Friday, December 15, 2006

“Os espanhóis, com o auxílio de monstruosidades sem exemplo, cobrindo-se de uma vergonha indelével, não conseguiram exterminar a raça índia, nem sequer impedi-la de partilhar os seus direitos. Os americanos dos Estados Unidos atingiram esse duplo resultado com uma maravilhosa facilidade, tranquilidade, legalmente, filantropicamente, sem efusão de sangue nem violação de um único dos grandes princípios da moral aos olhos do mundo. Seria impossível destruir os homens respeitando melhor as leis da humanidade.”
Alexis de Tocqueville

Este pequeno excerto, que Raymond Aron escolheu, entre outros, para ilustrar o pensamento de Tocqueville em “As Etapas do Pensamento Socológico”, estabelece, na sua fina ironia, uma crítica acutilante ao destino reservado para as nações índias nos EUA do século XIX. Mais do isso, demonstra como a admiração por certos traços de uma sociedade – e Tocqueville é sobretudo um admirador das sociedades anglo-americanas – pode e deve conviver com a crítica dura, sempre que esta se mostre justa. Nem admiração cega e incondicional, nem omissão das críticas adequadas.
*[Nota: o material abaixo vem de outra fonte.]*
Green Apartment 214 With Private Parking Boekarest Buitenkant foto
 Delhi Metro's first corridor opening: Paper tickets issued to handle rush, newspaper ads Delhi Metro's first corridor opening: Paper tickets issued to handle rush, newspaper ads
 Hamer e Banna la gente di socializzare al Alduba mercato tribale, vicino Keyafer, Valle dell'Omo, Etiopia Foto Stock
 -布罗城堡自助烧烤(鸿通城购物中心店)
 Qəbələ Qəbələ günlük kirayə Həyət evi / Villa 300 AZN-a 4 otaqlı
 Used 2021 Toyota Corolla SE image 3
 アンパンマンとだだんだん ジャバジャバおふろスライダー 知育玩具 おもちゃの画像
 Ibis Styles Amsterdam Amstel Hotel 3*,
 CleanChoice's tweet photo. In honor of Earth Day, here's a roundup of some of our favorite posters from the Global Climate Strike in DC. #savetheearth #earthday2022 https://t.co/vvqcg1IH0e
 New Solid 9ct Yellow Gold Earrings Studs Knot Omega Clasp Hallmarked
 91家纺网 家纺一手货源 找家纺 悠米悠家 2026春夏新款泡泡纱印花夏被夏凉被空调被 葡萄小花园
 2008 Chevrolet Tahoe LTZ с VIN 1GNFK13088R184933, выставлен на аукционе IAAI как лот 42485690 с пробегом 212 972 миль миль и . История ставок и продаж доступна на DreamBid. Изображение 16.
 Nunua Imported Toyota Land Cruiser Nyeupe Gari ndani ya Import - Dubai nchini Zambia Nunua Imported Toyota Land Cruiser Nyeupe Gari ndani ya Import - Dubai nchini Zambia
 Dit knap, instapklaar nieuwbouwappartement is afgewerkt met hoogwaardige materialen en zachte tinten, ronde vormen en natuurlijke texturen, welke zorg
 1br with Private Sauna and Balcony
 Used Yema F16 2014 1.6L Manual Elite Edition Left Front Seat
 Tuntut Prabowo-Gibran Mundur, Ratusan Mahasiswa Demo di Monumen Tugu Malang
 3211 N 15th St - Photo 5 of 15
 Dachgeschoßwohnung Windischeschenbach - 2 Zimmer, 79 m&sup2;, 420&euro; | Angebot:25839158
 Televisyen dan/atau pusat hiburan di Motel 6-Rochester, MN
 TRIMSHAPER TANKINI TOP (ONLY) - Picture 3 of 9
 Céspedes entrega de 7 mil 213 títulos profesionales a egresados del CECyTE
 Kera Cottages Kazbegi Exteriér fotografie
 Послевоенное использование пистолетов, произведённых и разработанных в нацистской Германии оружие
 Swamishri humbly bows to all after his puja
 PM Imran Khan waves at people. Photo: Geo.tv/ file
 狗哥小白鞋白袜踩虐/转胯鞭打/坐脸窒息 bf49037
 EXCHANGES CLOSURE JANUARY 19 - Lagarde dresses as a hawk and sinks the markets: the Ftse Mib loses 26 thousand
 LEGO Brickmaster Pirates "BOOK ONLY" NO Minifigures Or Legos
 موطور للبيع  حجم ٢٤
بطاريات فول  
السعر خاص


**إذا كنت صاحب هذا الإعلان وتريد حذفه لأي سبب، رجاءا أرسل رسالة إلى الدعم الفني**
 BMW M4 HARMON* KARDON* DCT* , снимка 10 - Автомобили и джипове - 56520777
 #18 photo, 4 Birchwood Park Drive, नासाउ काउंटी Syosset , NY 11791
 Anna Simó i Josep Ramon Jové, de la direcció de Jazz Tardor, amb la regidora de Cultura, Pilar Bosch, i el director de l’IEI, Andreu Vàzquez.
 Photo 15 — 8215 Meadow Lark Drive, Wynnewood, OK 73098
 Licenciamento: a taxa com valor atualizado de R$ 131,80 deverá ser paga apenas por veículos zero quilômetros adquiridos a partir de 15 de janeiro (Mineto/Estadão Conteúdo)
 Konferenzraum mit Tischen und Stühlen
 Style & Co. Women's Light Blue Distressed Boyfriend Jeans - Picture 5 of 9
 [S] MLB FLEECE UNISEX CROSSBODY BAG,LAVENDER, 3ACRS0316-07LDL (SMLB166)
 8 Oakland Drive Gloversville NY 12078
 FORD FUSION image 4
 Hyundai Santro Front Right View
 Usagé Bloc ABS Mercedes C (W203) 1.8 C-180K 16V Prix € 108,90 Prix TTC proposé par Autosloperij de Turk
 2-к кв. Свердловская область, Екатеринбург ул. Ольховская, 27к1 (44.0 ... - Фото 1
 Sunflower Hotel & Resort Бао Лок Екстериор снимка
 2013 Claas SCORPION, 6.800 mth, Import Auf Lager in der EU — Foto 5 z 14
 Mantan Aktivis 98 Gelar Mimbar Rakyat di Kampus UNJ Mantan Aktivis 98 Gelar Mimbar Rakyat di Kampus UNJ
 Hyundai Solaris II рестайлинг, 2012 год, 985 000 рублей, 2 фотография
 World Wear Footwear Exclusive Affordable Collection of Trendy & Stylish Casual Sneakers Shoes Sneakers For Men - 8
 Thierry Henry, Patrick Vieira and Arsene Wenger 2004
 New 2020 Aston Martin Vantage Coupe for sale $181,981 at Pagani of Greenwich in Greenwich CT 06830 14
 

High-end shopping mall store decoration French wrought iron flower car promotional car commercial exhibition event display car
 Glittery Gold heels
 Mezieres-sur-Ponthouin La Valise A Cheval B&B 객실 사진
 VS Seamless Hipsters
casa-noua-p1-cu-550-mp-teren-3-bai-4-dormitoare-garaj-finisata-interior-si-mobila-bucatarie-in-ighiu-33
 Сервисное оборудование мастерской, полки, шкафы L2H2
Inseparável dos esforços de rigor e objectividade do filósofo e do cientista, a conduta de Tocqueville releva igualmente do mais puro exercício de pensamento livre que o Homem pode almejar. Liberdade esta que, paradoxalmente, tanto ao longo do século XX, como no início deste século XXI, foi e continua a ser cerceada pelos seus mais voluntariosos paladinos.